Stored data
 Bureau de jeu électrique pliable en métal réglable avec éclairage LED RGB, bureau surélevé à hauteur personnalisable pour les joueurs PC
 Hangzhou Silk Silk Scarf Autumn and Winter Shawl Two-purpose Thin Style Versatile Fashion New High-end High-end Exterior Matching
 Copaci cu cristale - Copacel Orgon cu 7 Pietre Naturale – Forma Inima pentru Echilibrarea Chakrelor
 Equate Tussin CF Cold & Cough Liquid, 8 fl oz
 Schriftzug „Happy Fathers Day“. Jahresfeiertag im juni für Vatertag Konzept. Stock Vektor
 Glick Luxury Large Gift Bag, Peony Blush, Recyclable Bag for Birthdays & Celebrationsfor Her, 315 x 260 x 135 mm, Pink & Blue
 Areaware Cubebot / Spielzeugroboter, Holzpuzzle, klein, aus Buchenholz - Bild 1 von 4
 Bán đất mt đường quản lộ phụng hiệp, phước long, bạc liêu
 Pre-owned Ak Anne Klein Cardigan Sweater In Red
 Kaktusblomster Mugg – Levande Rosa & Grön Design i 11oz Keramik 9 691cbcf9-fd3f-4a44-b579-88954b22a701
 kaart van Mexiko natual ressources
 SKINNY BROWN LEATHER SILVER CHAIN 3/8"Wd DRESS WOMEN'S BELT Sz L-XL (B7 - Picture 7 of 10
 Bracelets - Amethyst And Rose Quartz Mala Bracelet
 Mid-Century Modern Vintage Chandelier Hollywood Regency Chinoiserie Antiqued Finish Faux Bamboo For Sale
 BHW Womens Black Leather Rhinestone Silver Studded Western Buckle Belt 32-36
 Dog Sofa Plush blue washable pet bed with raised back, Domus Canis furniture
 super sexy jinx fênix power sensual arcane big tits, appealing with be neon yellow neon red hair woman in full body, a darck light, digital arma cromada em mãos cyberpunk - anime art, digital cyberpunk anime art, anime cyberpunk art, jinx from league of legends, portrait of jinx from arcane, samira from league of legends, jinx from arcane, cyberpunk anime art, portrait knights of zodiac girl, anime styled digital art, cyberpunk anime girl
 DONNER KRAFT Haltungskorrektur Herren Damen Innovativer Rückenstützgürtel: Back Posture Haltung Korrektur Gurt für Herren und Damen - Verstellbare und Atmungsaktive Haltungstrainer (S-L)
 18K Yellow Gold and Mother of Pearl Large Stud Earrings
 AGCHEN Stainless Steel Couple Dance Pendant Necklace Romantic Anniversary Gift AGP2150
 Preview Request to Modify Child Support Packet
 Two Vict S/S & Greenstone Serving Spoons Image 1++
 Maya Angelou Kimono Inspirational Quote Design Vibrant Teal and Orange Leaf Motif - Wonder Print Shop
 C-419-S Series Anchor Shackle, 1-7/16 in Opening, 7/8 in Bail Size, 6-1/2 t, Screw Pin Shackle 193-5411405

#### Problem to work on
The answer must consist solely of the lines from the first line of the data to the line holding "Hangzhou Silk Silk", each given again exactly.

#### Your response
 Bureau de jeu électrique pliable en métal réglable avec éclairage LED RGB, bureau surélevé à hauteur personnalisable pour les joueurs PC
 Hangzhou Silk Silk Scarf Autumn and Winter Shawl Two-purpose Thin Style Versatile Fashion New High-end High-end Exterior Matching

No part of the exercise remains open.